Release note ban figures in 15 days: PAC
Last month the PAC had grilled RBI governor Urjit Patel on the issue of demonetisation.
New Delhi: The Public Accounts Committee (PAC) on Friday gave 15 days’ time to the finance ministry to come up with data on the total deposits in all banks across the country as on December 30, 2016, post demonetisation.
The parliamentary panel, which looks into the audit of all central government departments and ministries, rapped the ministry’s top bureaucrats for lack of information despite the demonetisation exercise having ended more than a month ago.
Sources told this newspaper that the panel was especially peeved with the reply of the ministry officials, who are said to have told it that the data is still being collated.
Incensed with the ministry’s “casual” response, the committee members took finance ministry officials to task, saking why, in this age of technology, the government hasn’t been able to collect the data.

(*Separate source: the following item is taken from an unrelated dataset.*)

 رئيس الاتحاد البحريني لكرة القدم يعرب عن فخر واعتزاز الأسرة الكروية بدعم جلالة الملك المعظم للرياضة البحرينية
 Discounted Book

They also blamed the ministry for not maintaining transparency, especially since the matter was of urgent public importance, sources said.
The finance ministry officials were also told that despite the demonetisation exercise having ended, cash availability was still not normal in the country, especially in rural areas. ATMs in rural areas and even in many urban centres are still cash-strapped, and in some places chequebooks are not available, thus causing a lot of inconvenience to the common man, the panel members are said to have told the officials.

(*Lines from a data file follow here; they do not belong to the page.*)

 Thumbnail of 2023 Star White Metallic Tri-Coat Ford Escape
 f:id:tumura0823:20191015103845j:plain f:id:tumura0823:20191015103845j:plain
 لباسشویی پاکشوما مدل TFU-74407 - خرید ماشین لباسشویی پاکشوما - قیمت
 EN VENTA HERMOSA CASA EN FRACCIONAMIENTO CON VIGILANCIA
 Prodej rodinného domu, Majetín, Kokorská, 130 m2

In such a scenario, it was quite insensitive of the government to not have come out with the exact deposits in all banks as on December 30, 2016, the last day for depositing old notes in banks, the members told the ministry representatives.

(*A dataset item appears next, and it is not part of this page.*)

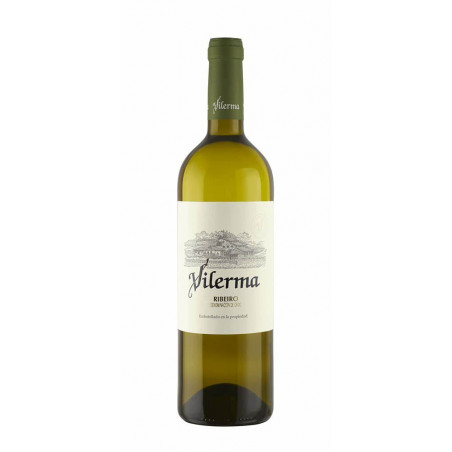 Vilerma 2022 (Blanco)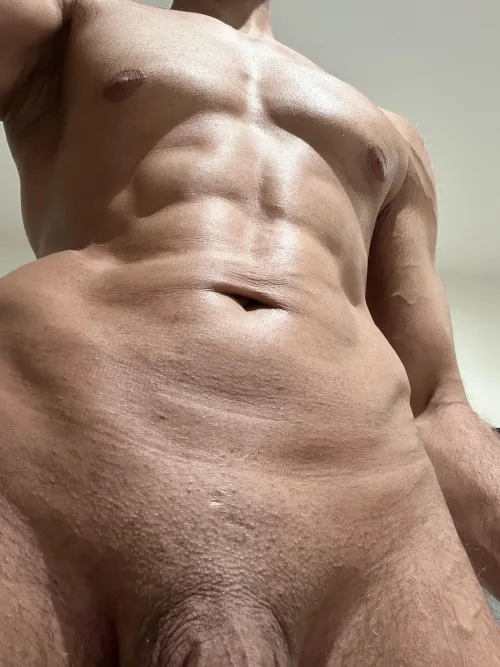 Have your way with me. London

Revenue secretary Hasmukh Adhia, economic affairs secretary Shaktikanta Das and financial affairs secretary Anjuly Chib Duggal were summoned by the PAC, which is headed by Congress Lok Sabha MP K.V. Thomas.
Last month the PAC had grilled RBI governor Urjit Patel on the issue of demonetisation. The RBI had, during that meeting, told the panel that it had not recovered any fake currency betw-een November 8 and December 30, 2016.